Seniorzy koła „Południe” są pełni życia. Lubią śpiewać, tańczyć i ruszać się
– Samotne osoby dzwoniły w zimie tylko po to, żeby usłyszeć głos drugiego człowieka – wspomina trudny czas pandemii Krystyna Czerner, przewodnicząca koła „Południe” raciborskiego oddziału Polskiego Związku Emerytów, Rencistów i Inwalidów. Seniorzy mają nadzieję, że najgorsze jest już za nimi. 30 września spotkali się w restauracji Malibu, aby obchodzić Dzień Seniora.
Seniorzy z „Południa” spotykają się regularnie raz w miesiącu w „Cegiełce” przy ul. Żółkiewskiego w Raciborzu. Koło liczy 120 członków. Większość z nich aktywnie uczestniczy w spotkaniach i wydarzeniach organizowanych przez zarząd organizacji. – Członkowie naszego koła są pełni życia. Gros ludzi śpiewa w chórze. Lubią tańczyć, ruszać się – mówi Krystyna Czerner.
Przewodnicząca koła przyznaje, że w zeszłym roku seniorzy nie spotykali się, ale w tym roku, wraz z luzowaniem obostrzeń sanitarnych, wrócili do tej praktyki. – W maju spotkaliśmy się z okazji Dnia Matki. W czerwcu mieliśmy spotkanie z policjantami.
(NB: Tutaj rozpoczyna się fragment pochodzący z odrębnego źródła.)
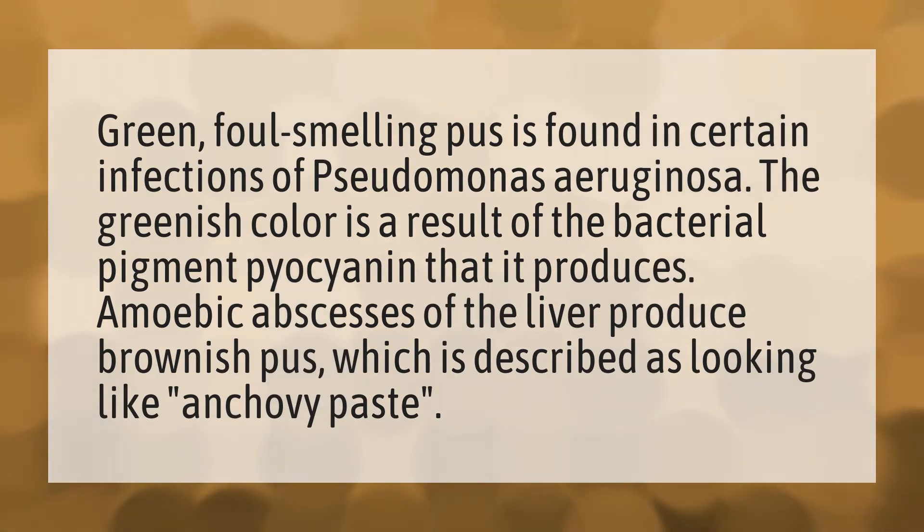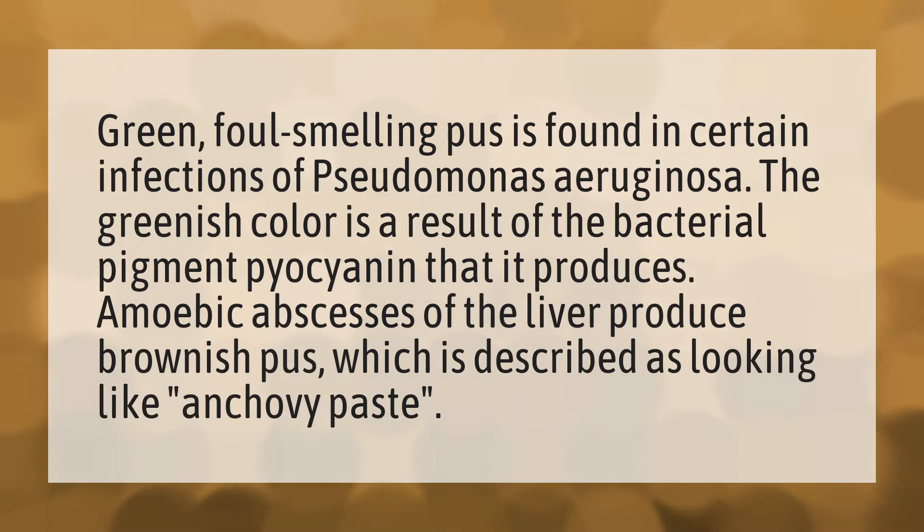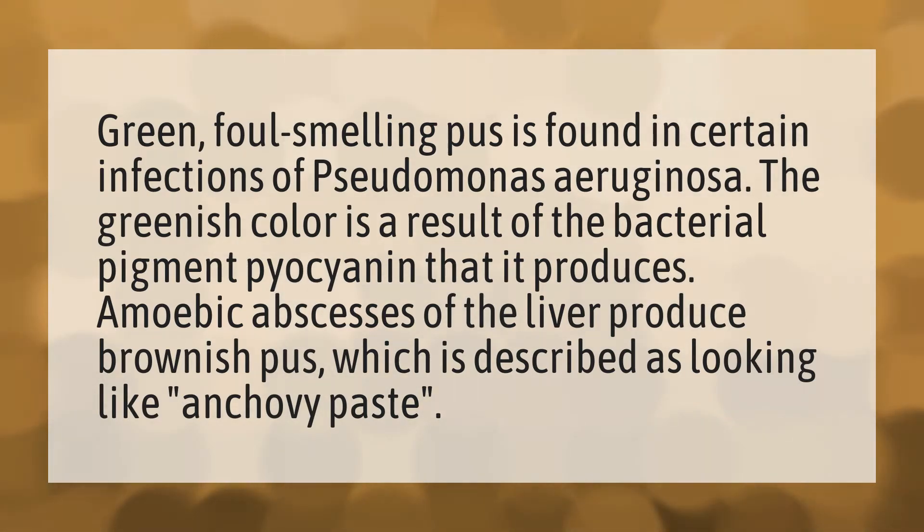Green, foul-smelling pus is found in certain infections of Pseudomonas aeruginosa. The greenish color is a result of the bacterial pigment pyocyanin that it produces. Amoebic abscesses of the liver produce brownish pus, which is described as looking like anchovy paste.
Wakacje to czas przerwy, bo w „Cegiełce” są organizowane zajęcia dla dzieci. We wrześniu mamy Dzień Seniora. Od października spotkania ruszą pełną parą – zapowiada Krystyna Czerner.
Pani Krystyna przyznaje, że bez prężnego i pomocnego zarządu, nic by nie zdziałała. – Dzięki nim trwamy – mówi, wymieniając członków zarządu koła: Irenę Kućmę, Teresę Burek, Halinę Stein, Janinę Myszakowską, Henryka Kubiczka oraz Jerzego Sikorę.